» WHAT NEEDS TO BE DONE: Exclude the pictures, then repeat the remaining data exactly.

==== DATASET EXCERPT

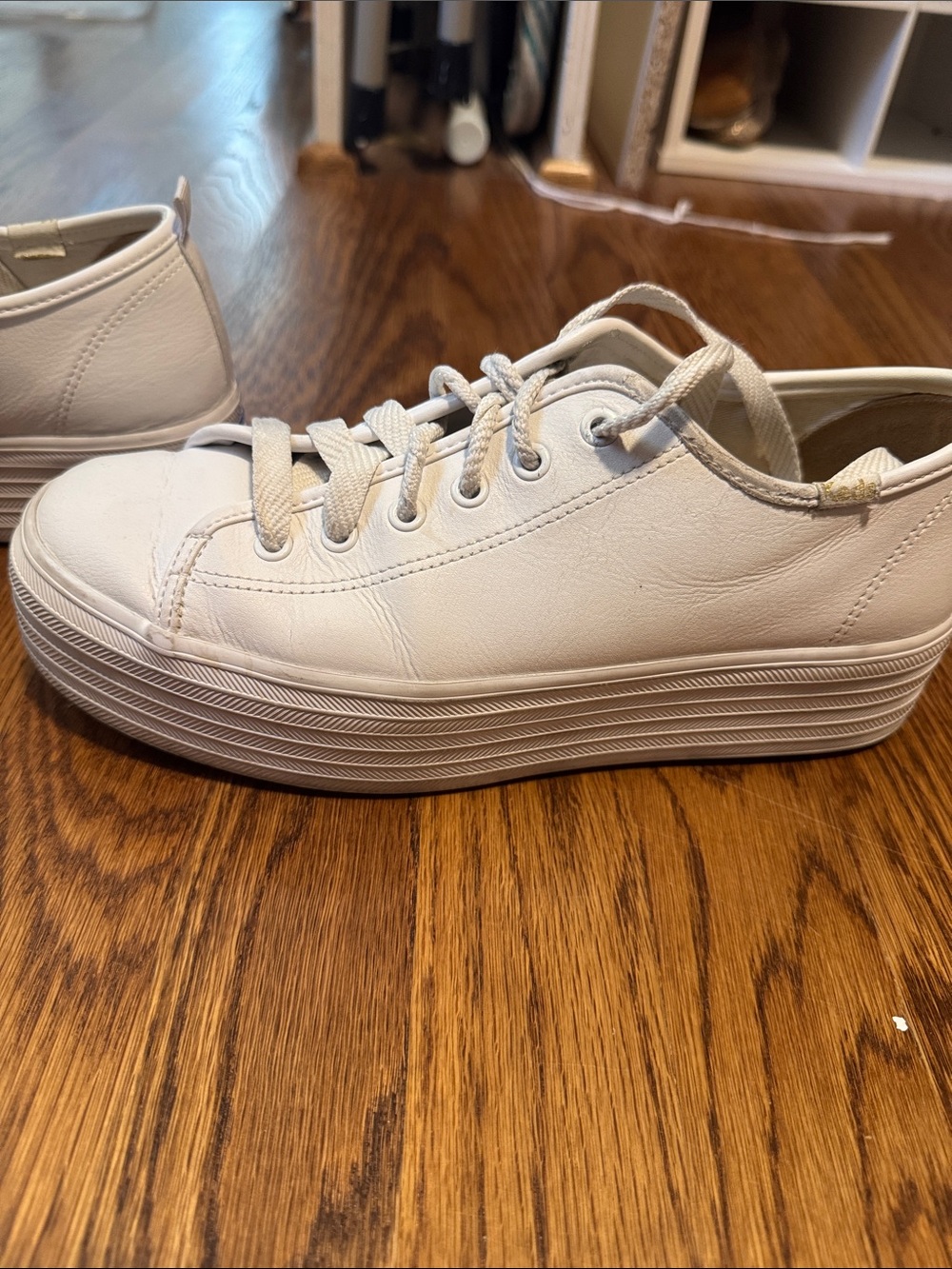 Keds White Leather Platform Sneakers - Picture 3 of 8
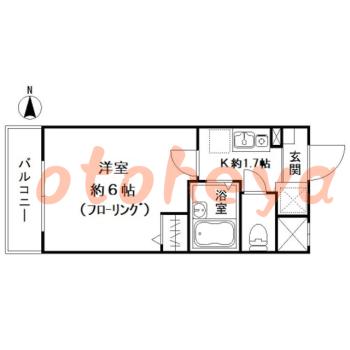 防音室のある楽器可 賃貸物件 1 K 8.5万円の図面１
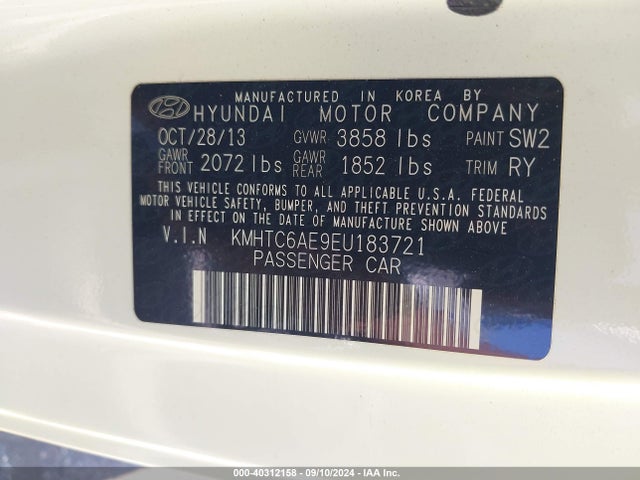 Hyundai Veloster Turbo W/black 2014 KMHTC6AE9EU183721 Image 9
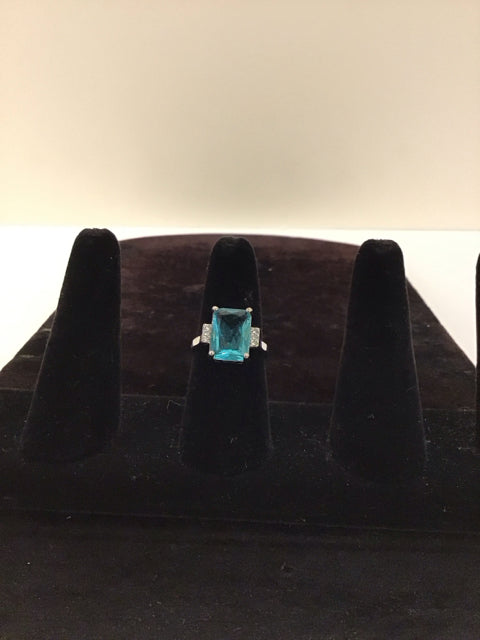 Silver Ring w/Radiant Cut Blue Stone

========

» SOLUTION:
 Keds White Leather Platform Sneakers - Picture 3 of 8
 防音室のある楽器可 賃貸物件 1 K 8.5万円の図面１
 Hyundai Veloster Turbo W/black 2014 KMHTC6AE9EU183721 Image 9
 Silver Ring w/Radiant Cut Blue Stone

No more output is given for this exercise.